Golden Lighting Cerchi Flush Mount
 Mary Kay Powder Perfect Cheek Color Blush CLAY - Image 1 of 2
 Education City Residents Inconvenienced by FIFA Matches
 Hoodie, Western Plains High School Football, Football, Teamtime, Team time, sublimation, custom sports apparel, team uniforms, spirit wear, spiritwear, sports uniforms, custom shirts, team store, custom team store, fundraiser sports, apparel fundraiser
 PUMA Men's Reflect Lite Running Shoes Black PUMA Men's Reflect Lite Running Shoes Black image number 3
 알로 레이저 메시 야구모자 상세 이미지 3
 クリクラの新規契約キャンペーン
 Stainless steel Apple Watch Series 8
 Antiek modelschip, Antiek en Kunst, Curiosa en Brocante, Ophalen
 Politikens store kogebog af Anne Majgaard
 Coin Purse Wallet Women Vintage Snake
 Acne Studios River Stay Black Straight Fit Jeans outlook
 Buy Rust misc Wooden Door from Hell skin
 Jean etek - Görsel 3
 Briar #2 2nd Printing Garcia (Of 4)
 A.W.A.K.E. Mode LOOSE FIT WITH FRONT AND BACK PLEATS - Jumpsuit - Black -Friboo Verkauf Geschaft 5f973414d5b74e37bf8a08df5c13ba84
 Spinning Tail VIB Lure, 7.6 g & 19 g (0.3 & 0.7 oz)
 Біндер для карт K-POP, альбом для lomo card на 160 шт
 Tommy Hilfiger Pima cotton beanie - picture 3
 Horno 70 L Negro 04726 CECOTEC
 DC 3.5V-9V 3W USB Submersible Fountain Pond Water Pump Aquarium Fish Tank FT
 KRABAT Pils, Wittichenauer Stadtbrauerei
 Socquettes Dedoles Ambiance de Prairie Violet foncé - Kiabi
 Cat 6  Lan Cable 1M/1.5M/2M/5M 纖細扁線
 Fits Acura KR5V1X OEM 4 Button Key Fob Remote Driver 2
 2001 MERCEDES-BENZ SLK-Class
_ _ _ _ _
== Work order ==
Please copy each line from the material above in which the string "store" appears.

== Expected answer ==
 Hoodie, Western Plains High School Football, Football, Teamtime, Team time, sublimation, custom sports apparel, team uniforms, spirit wear, spiritwear, sports uniforms, custom shirts, team store, custom team store, fundraiser sports, apparel fundraiser
 Politikens store kogebog af Anne Majgaard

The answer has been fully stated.